◆ **DATA FOR PROCESSING**
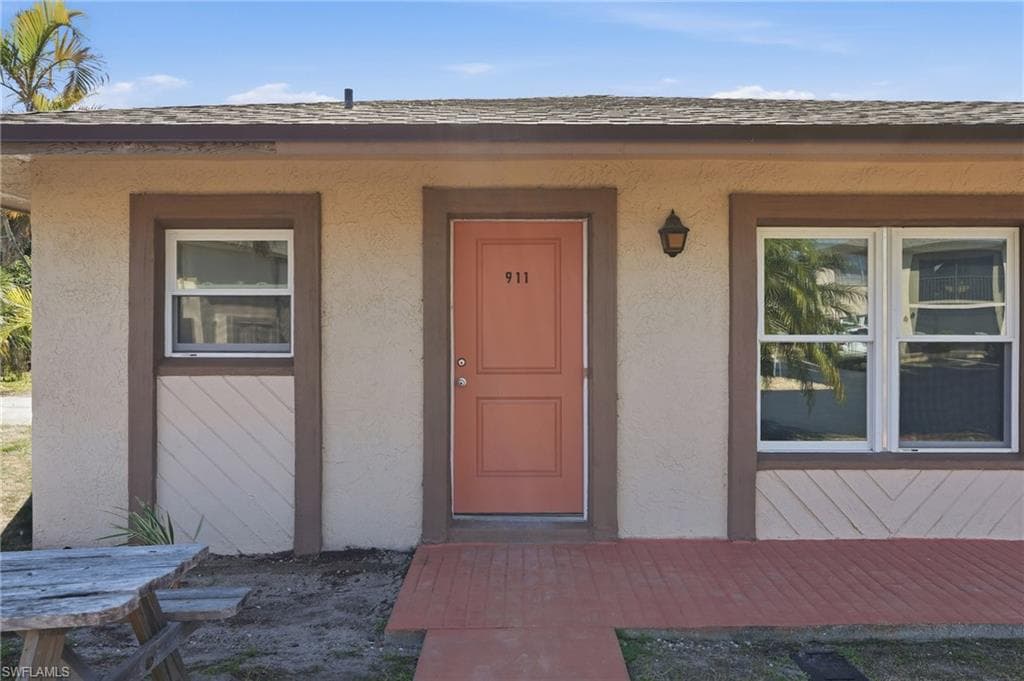 16881 Davis RD 911 FORT MYERS, FL 33908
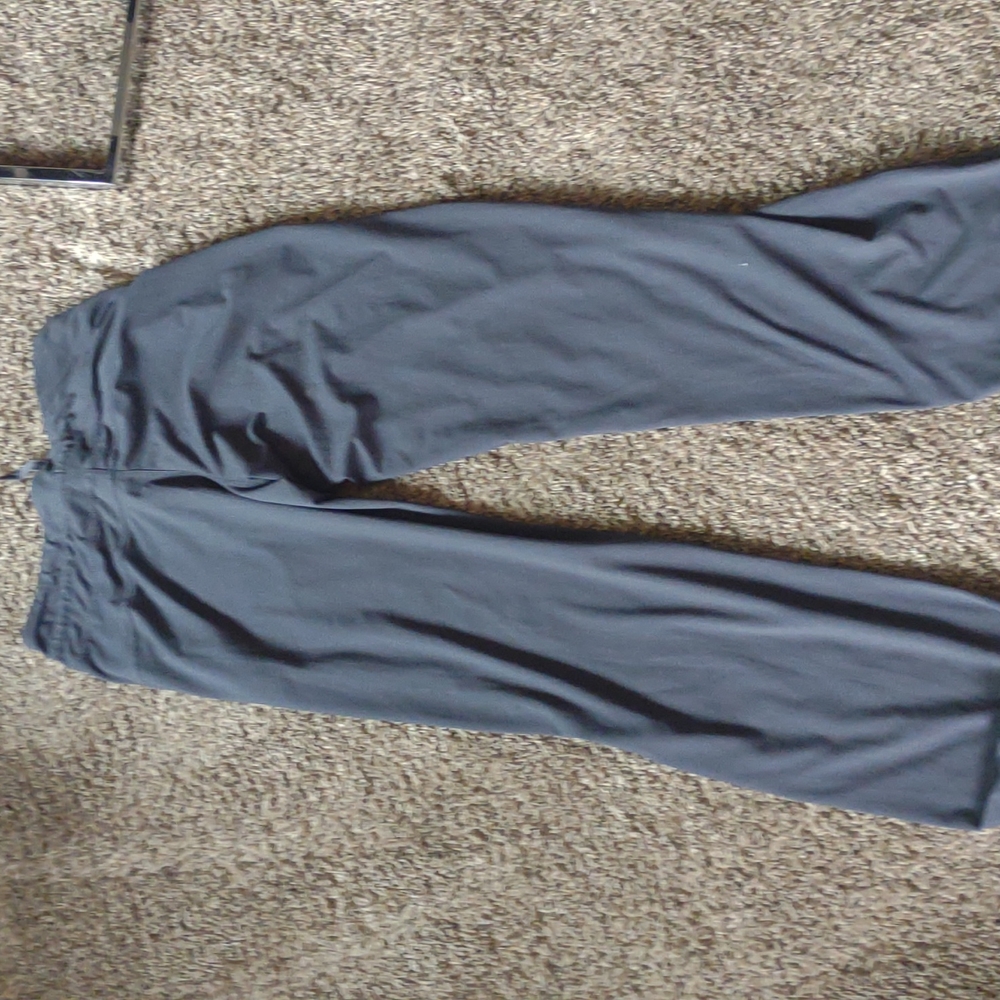 Sweat - Picture 3 of 3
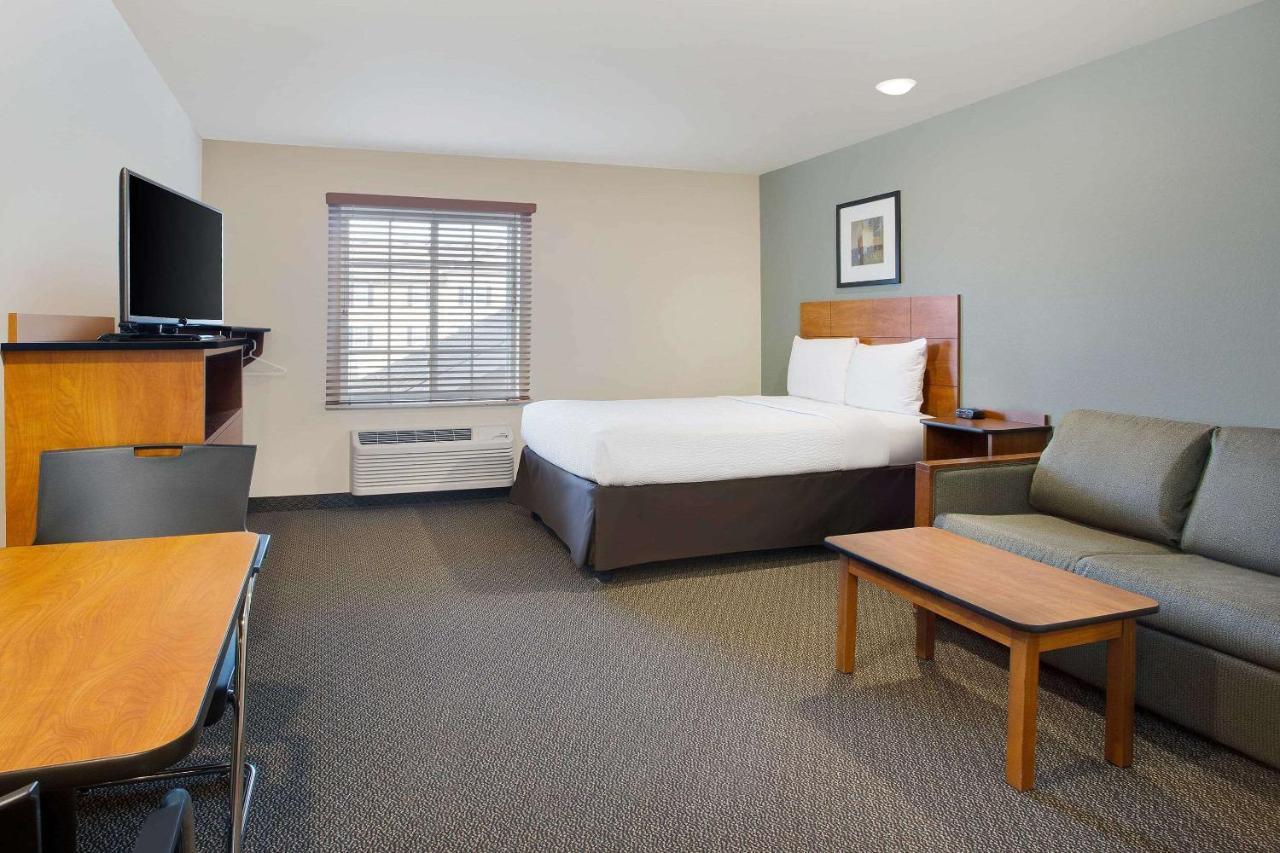 Woodspring Suites Columbus North I-270 Exterior photo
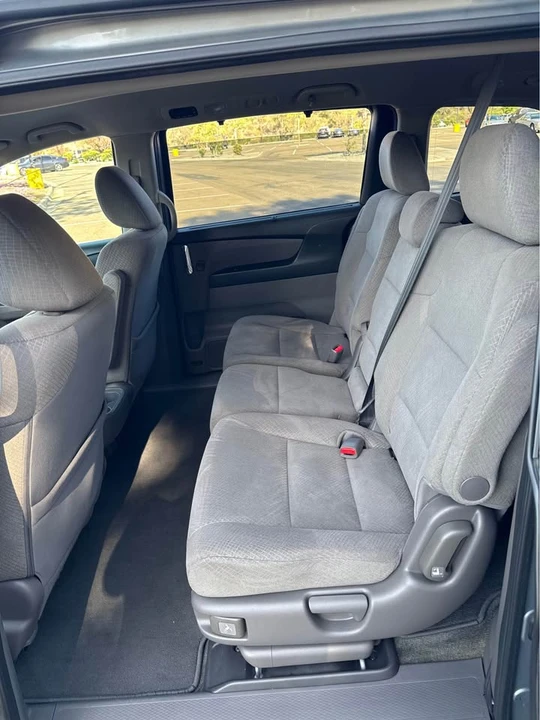 2017 Honda Odyssey - Image 6 of 7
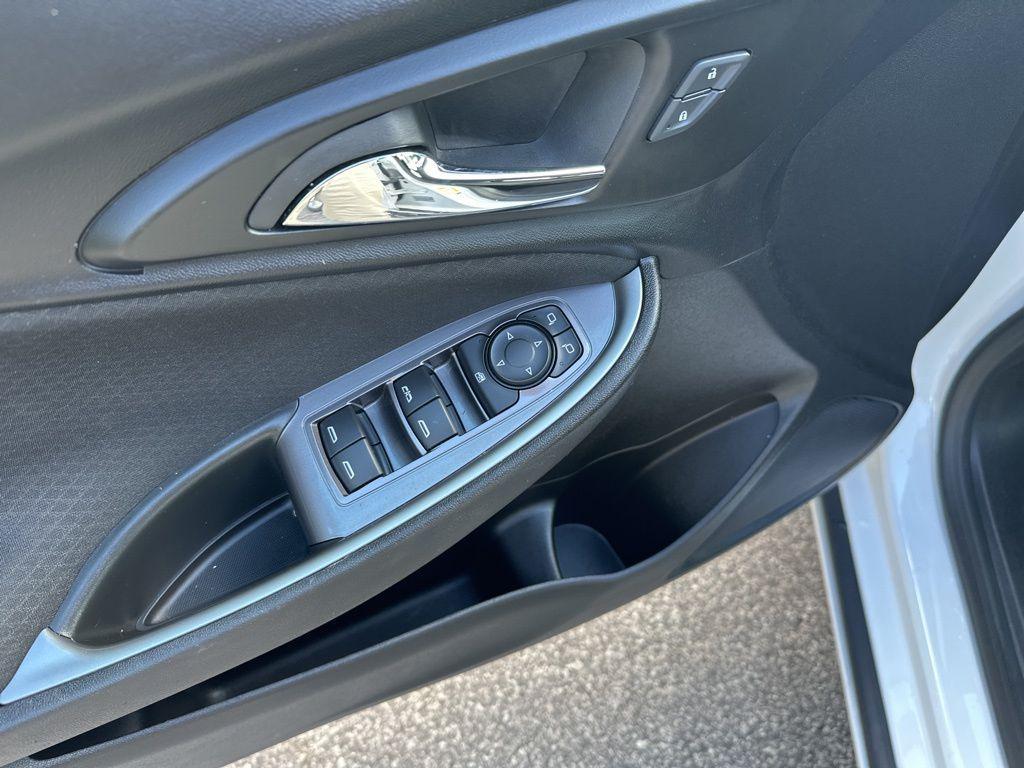 used 2024 Chevrolet Malibu car, priced at $20,888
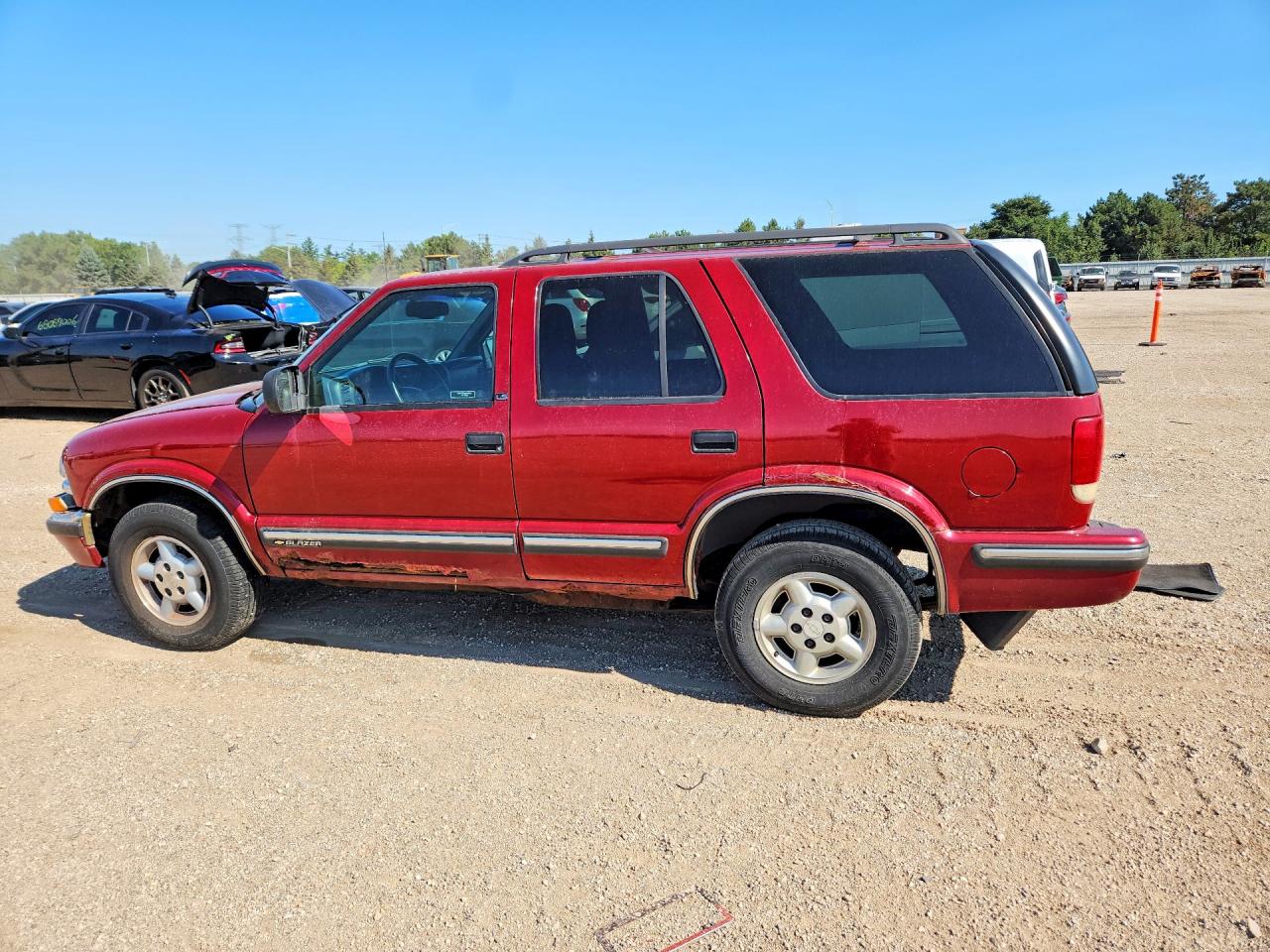 1GNDT13W1X2127229 · 1999 CHEVROLET BLAZER · 2/12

◆ **EXERCISE AIM**
The full text of the data above, exact and without pictures, is what to return.

◆ **ANSWER SPACE**
 16881 Davis RD 911 FORT MYERS, FL 33908
 Sweat - Picture 3 of 3
 Woodspring Suites Columbus North I-270 Exterior photo
 2017 Honda Odyssey - Image 6 of 7
 used 2024 Chevrolet Malibu car, priced at $20,888
 1GNDT13W1X2127229 · 1999 CHEVROLET BLAZER · 2/12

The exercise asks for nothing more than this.